The real value of a computer is not just that it can do certain types of things, over and over, with a very high accuracy rate. We talk about faster and faster computers, and while speed is important, what a computer does comes down to what it is programmed to do. As you get down to the lower levels of what the software executing on a computer does, you have to start dealing with when thing happen, in addition to the what. There are only so many machine cycles available per second, just as there are only so many seconds in the day. One second is like any other, but one second in the morning is different than one second in the afternoon.
Computers are useful because they can do things fast, but they are practical because they can be reprogrammed. Instructions can be changed, a little or a lot, and tasks can be scheduled to happen when they are the most efficient. On large systems, some things have to be done in real time.
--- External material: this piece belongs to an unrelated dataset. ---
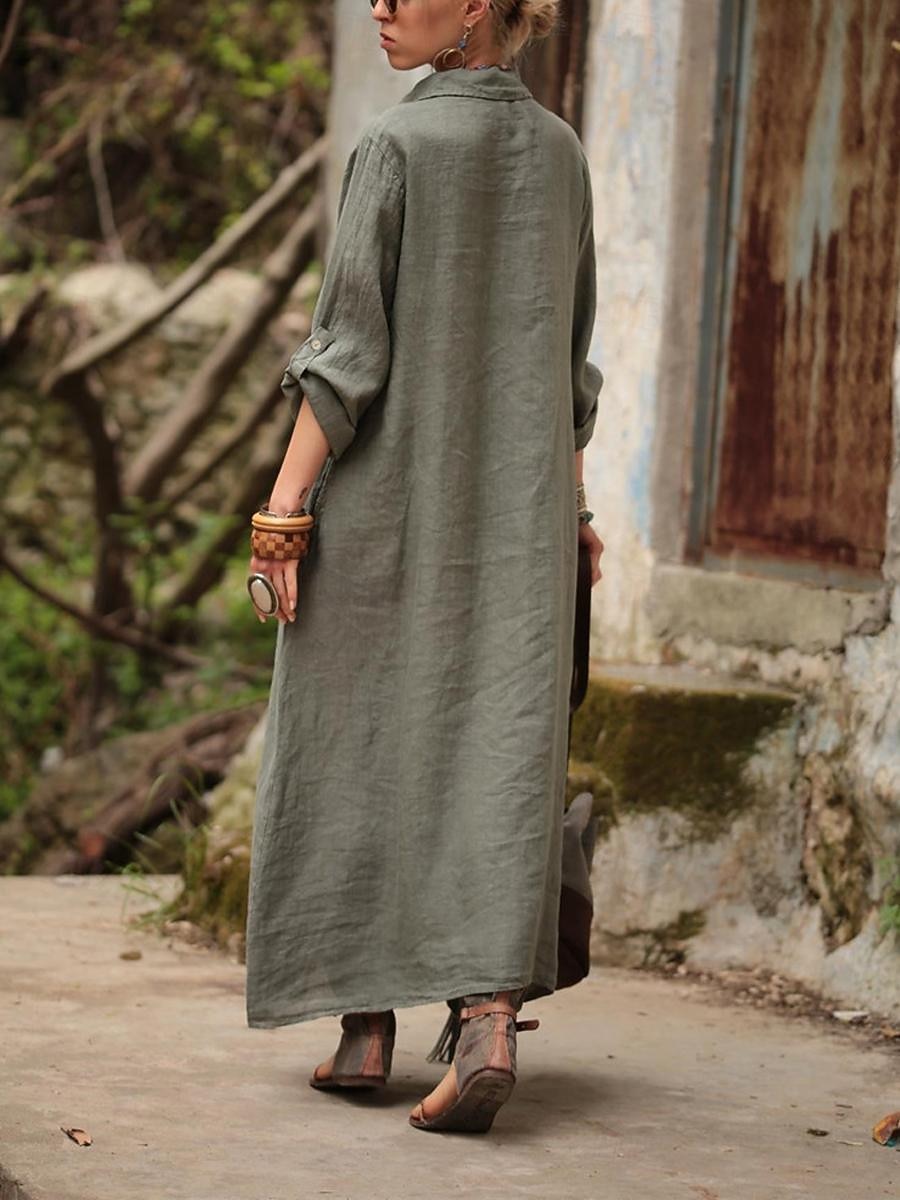 Damen Maxikleid Shiftkleid Hemdblusenkleid Baumwoll-Leinen-Kleider Freizeitkleid Basic Modern Täglich Wochenende Lässiger Schnitt Einfach Langarm Hemdkragen Armeegrün Aprikose Sommer Frühling 2026 - CAD $68.99 –P4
Some things have to be done in a certain order. Some things are more efficient when done at night, and some are better off being done during the day. A well engineered system does the right things right, at the most efficient times to do them.
That being said, a person-- especially a student-- is not a computer. Students have a lot in common with computers. We have things that need to be done, often quickly, always correctly, and at the right times of day/night. You will not do well on an assignment that you schedule to do at 0400 on the same morning you were out doing jello shots at 0200.
College, with the addition of PTSD to deal with, is not a digital application. A computer works with signals that look like square waves, like pictured here. A signal is either on, or off; high or low, one or zero, yes or no. Inside a computer, if a certain operation needs to happen every 120 cycles, then that's when it happens. But college isn't like that-- a student always has a schedule, with dates and times and places that said student needs to appear. Success depends on going to class, showing up for lab, getting to the library to study. But even though classes follow a regular schedule, things have to slide around a lot. Assignments are different from week to week, day to day, chapter to chapter. Other things like work get in the way.
One good way to deal with PTSD is stay focused; follow a schedule, maintain a task list, keep a routine, stay within a comfort zone. College just isn't that way, though-- you have to be able to adapt, constantly, to requirements that change constantly. But-- PTSD makes you react badly to sudden noises, and sudden changes. Stress is magnified-- you don't just stress a little because you have an assignment due, you stress as if your life is on the line. And then you react to the stress, and one of the main ways PTSD makes you react, is that you avoid the situation.
My situation, right now, is that I started the semester with a program for how to do things-- a set of instructions to follow. Certain things will happen at certain times, I'll do this homework here, and that homework there. A few weeks into the semester, that plan has failed and needs to be changed. But-- and this is crititcal-- while I need to make some changes, the world is not ending and I'm not going to die. I have to actually make the changes, and I have to ask for some help with a few things, but this is not a situation that I have to run away from. I have to adapt, I have to rewrite my program.